*** Block opens ***
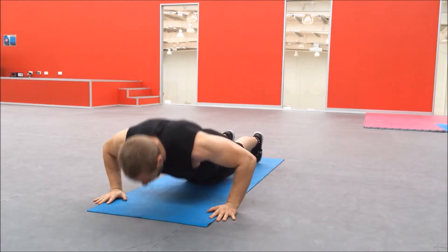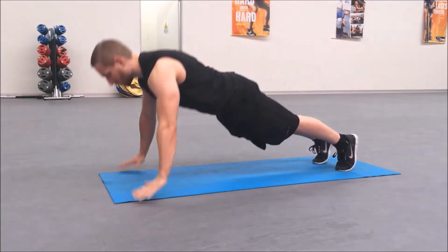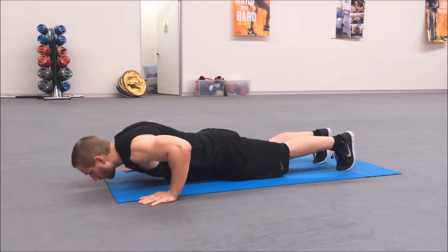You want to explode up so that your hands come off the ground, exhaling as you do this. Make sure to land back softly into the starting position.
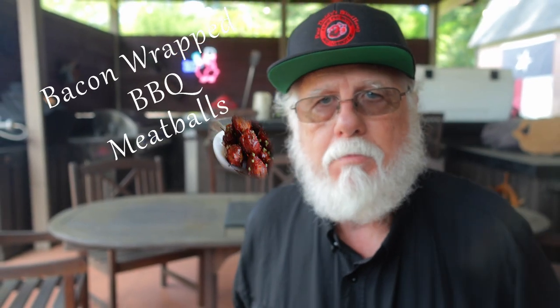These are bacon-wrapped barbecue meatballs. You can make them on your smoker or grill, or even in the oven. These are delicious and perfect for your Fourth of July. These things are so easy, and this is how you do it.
*** Block closes ***
*** Block opens ***
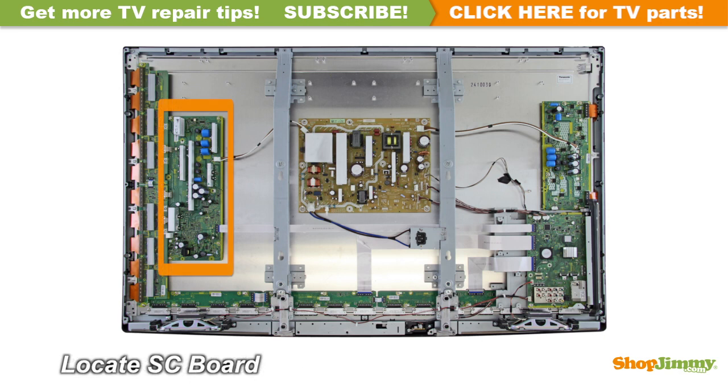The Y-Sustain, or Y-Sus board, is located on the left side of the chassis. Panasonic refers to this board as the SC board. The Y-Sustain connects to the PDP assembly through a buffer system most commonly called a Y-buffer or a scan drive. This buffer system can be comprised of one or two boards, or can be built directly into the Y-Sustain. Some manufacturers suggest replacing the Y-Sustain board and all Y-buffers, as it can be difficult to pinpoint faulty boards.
*** Block closes ***
◆ What to produce
Copy exactly the lines of the entries above from the one containing "You want to" through the one containing "These are bacon-wrapped". Both end lines count; pictures do not.

◆ Answer to the exercise
You want to explode up so that your hands come off the ground, exhaling as you do this. Make sure to land back softly into the starting position.
These are bacon-wrapped barbecue meatballs. You can make them on your smoker or grill, or even in the oven. These are delicious and perfect for your Fourth of July. These things are so easy, and this is how you do it.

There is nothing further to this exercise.